A flash crash
at the National Stock Exchange in India, brought down the Nifty (stock index) by
15.5%, and shut down the exchange for a short period of time. Circuit breakers
were triggered after a trader erroneously mistyped a single large order into
the system - interchanging the number of shares to be sold with the value of the
trade. The incident exposed two types of systemic failures – the inability to prevent
erroneous trade entries of abnormally large magnitude by traders, and the failure
of processes, software and systems of the exchange to swiftly freeze trade and shut
down the market, once the market volatility threshold of 10% was breached.
Most believe
that the definition of “Security” in Information Security is
only restricted to the set of measures an organization uses to protect
against malicious activities of external agents and company employees. But,
this is partly true – information security ensures not only the confidentiality,
integrity and availability of information; against external threats but also
from mistakes, errors, and faulty process and system design.
A good
security plan and its implementation will always take into account all the potential
misuse scenarios’ which have a harmful effect to an organizations reputation,
assets or compliance mandates. In layman’s terms- actions both malicious
and inadvertent that endangers a business.
Most data
breaches are due to simple acts of omission such as technical misconfigurations
by system administrators, use of default passwords and inadequate operational checks
and balances.
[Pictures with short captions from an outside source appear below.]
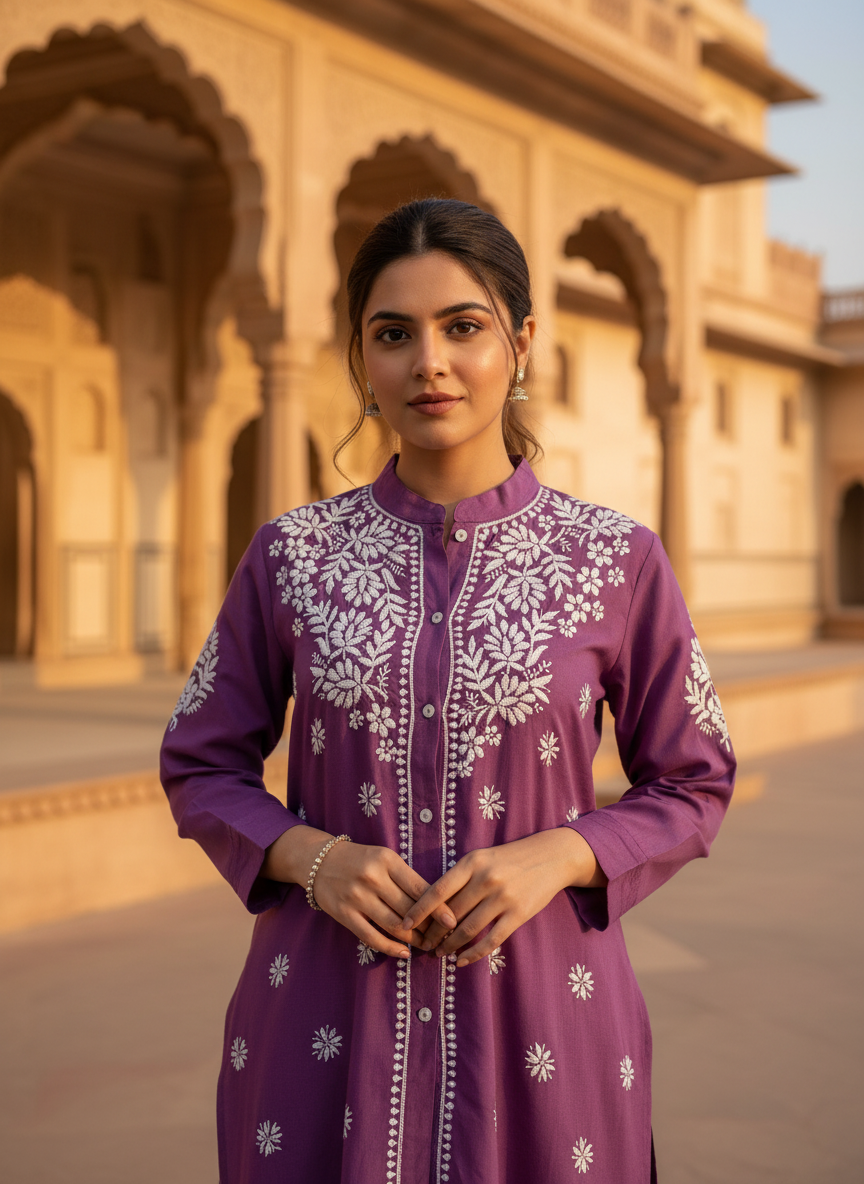 Purple Chikankari Hand Embroidered Modal Short Kurti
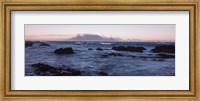 Framed Rocks in the sea with Table Mountain, Cape Town, South Africa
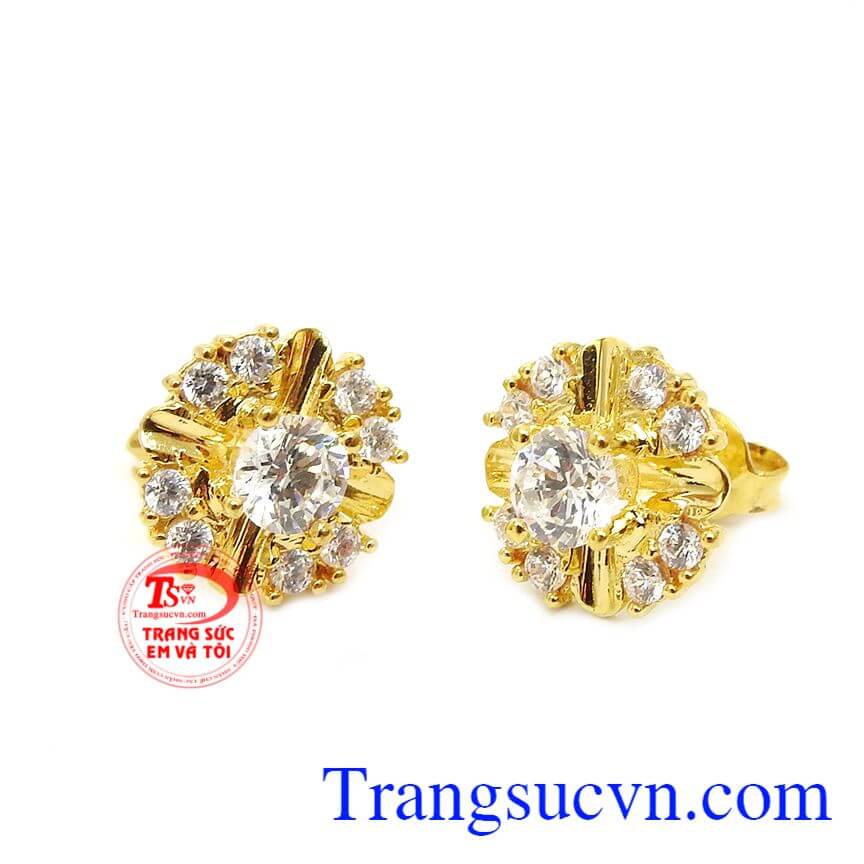 Hoa tai vàng rạng ngời,Hoa tai vàng tây,Trang sức vàng Hoa tai vàng rạng ngời,Hoa tai vàng tây,Trang sức vàng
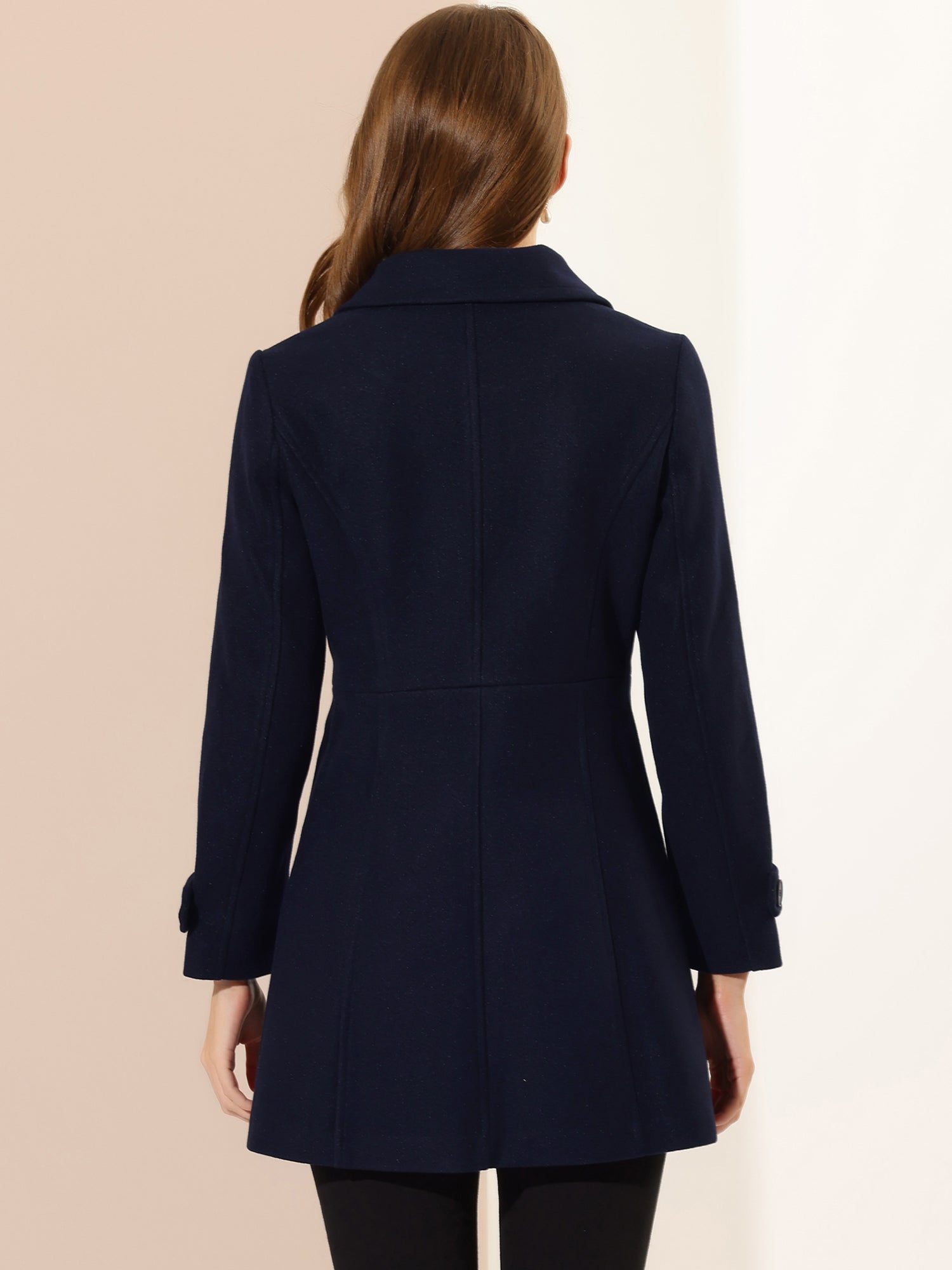 Peter Pan Collar Single Breasted Winter Outwear Buttoned Long Coat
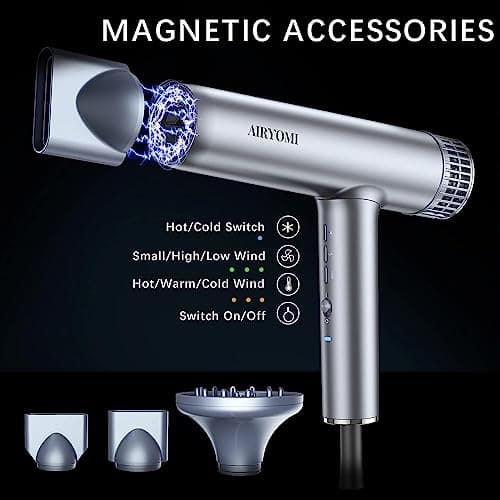 AIRYOMI Hair Dryer, Professional Brushless Motor Ionic Hair Blow Dryer with Diffuser, Magnetic Nozzles, 0.83Pound, 2000W, 60dB, 3 Heat Settings & 3 Speed & Cold Settings 6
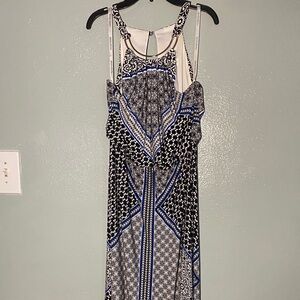 Bisou Bisou Black and Blue Geometric Maxi Dress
Security, if well thought off and implemented can prove to be a
lifesaver by reducing the occurrence of operational risks in an organization’s
day to day operations.
The trading
firm, in the above incident had to purchase the shares back at higher prices to
stay in business. The cost to the company amounted to 50% of its net worth. Had
the firm put in place relevant checks and balances to validate large trades,
before they were keyed in the system by traders, they would have been spared the
financial loss.
On a different
note, a similar situation could have been arisen, if a malicious hacker or disgruntled
informed employee misused the system to crash the exchange with the execution
of a single large trade. An experienced security
professional would have brought in this perspective through a “misuse” scenario
while designing or reviewing the design of trading processes and software, and
recommended preventive controls.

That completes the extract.